## Dataset records
Content starts

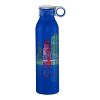 Bouteille de sport Grom - 650 ml Bleu royal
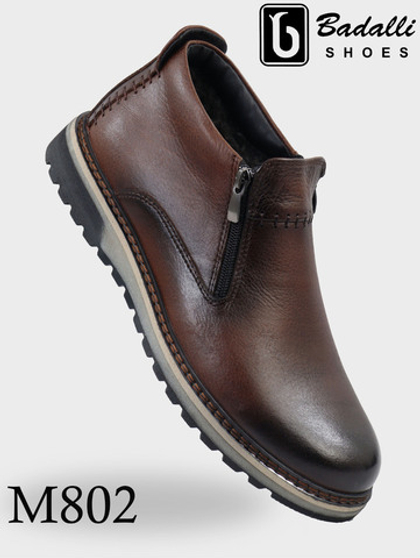 Ботинки мужские M802-1R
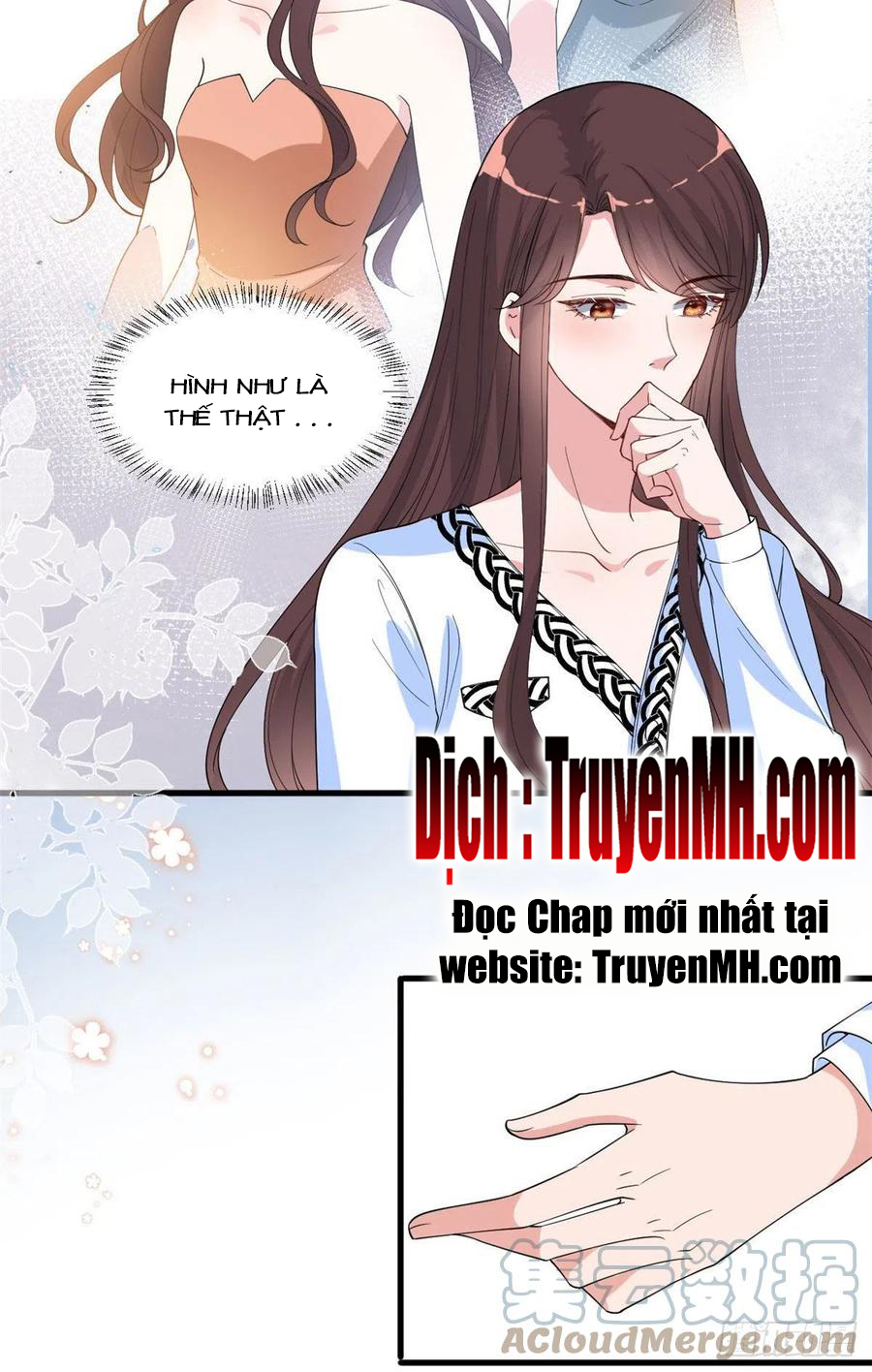 Ông Xã Kết Hôn Thử, Mạnh Thêm Chút Nữa Đi Chapter 468 - Page 8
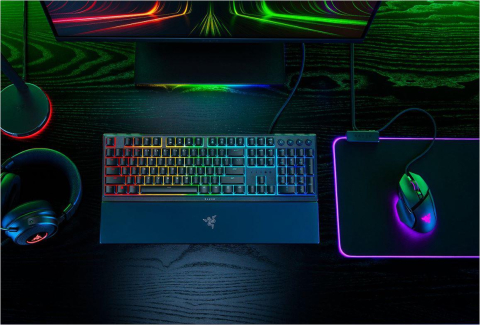 KB Razer Ornata V3 - Low Profile Gaming ,  Cod Produs: RZ03-04460100-R3M1 [1]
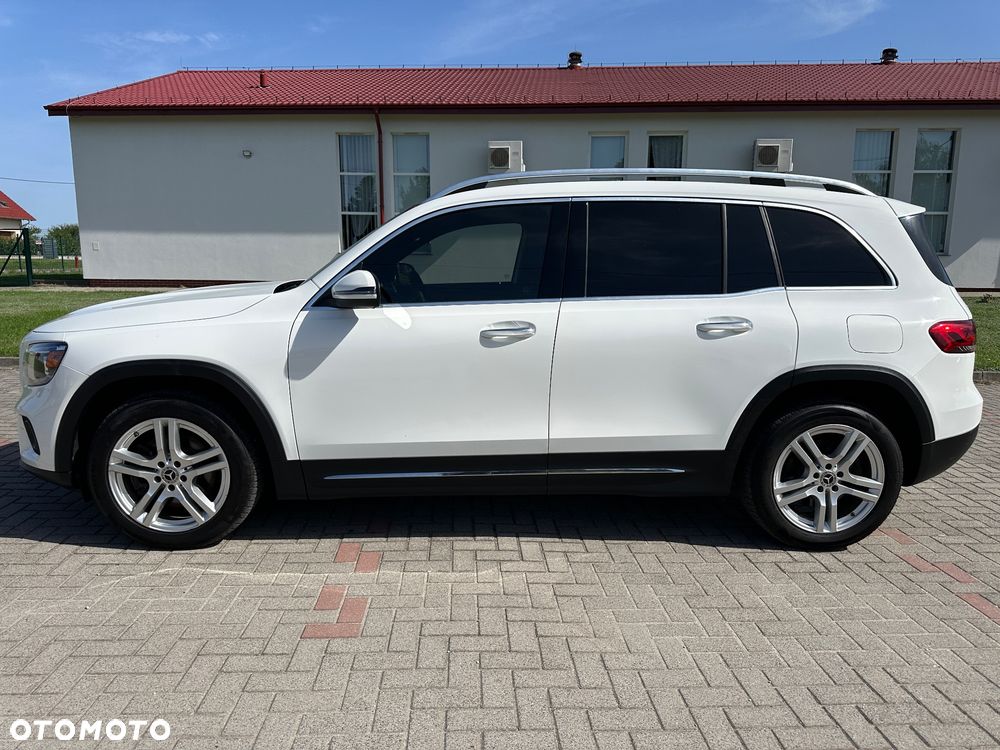 Mercedes-Benz GLB 250 4Matic 8G-DCT - 6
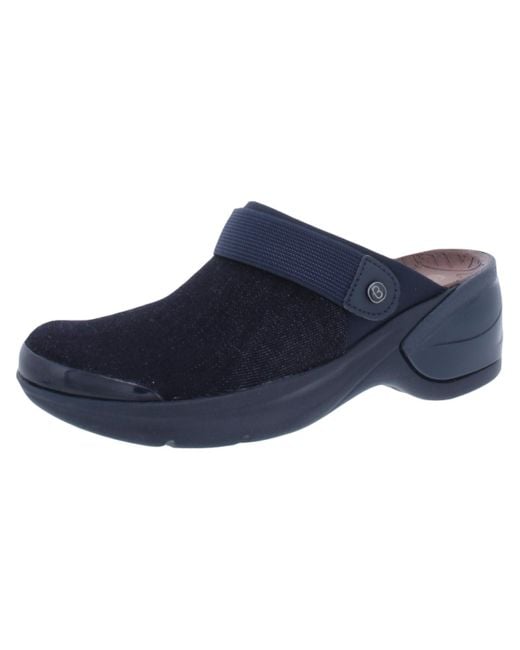 bzees coco slip on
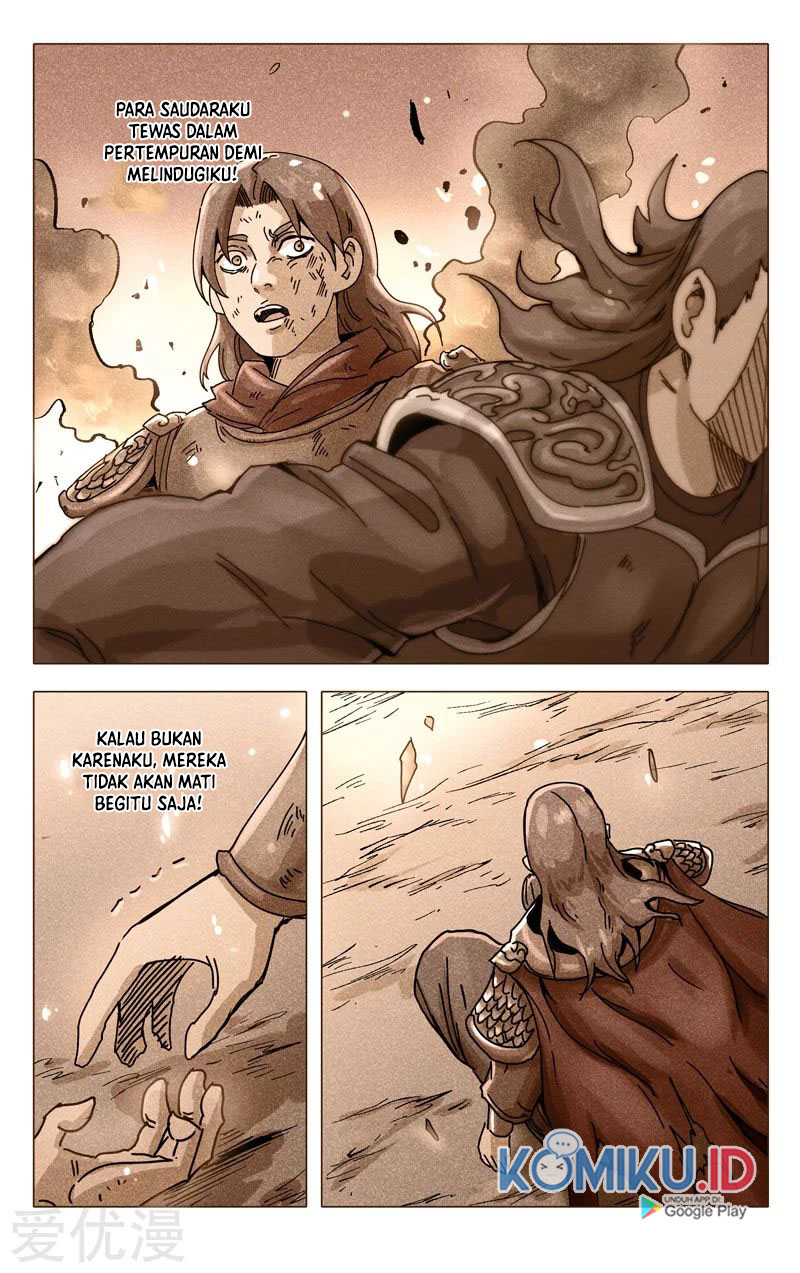 Deity’s Path through Ten Thousand Worlds Chapter 308 Gambar 12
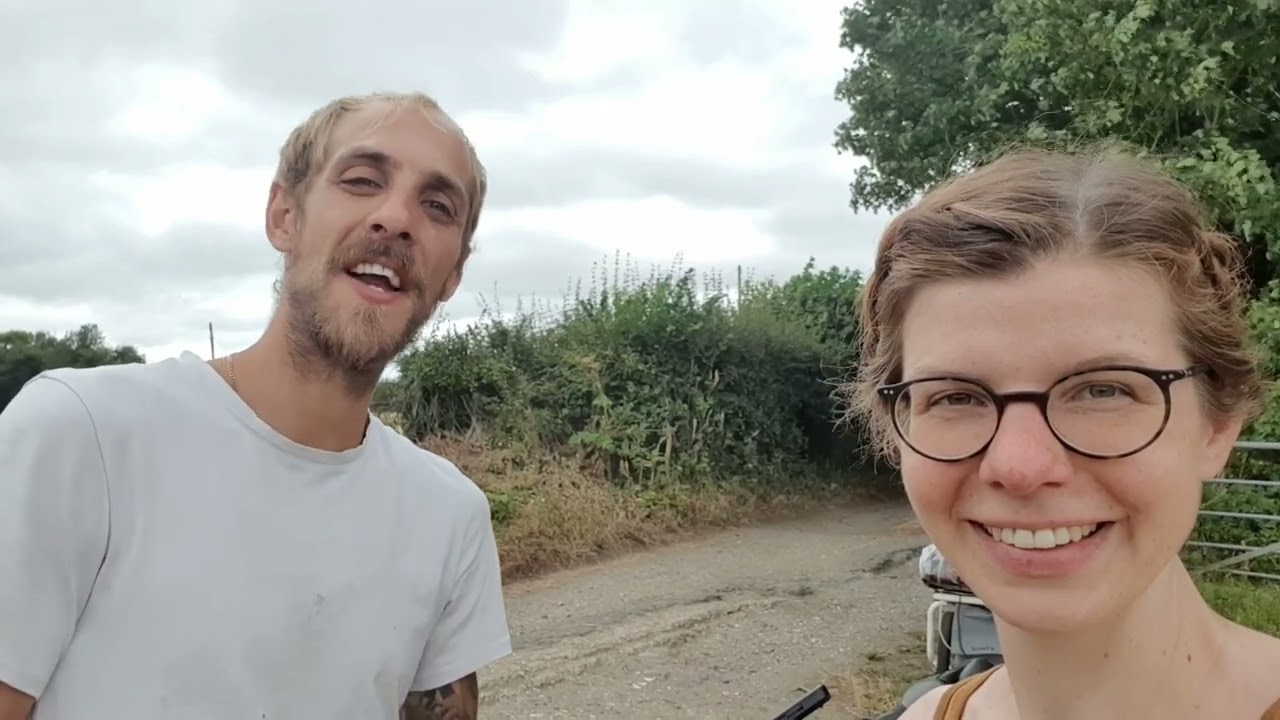 Der nächste Teil unser Reise jetzt sind wir in London und Umgebung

Content ends

## WORK INSTRUCTION
Omit the pictures, then extract verbatim only those lines that fall between the line containing "Mercedes-Benz GLB 250 4Matic 8G-DCT - 6" and the final line of the records above, both included.

## COMPLETED EXERCISE
 Mercedes-Benz GLB 250 4Matic 8G-DCT - 6
 bzees coco slip on
 Deity’s Path through Ten Thousand Worlds Chapter 308 Gambar 12
 Der nächste Teil unser Reise jetzt sind wir in London und Umgebung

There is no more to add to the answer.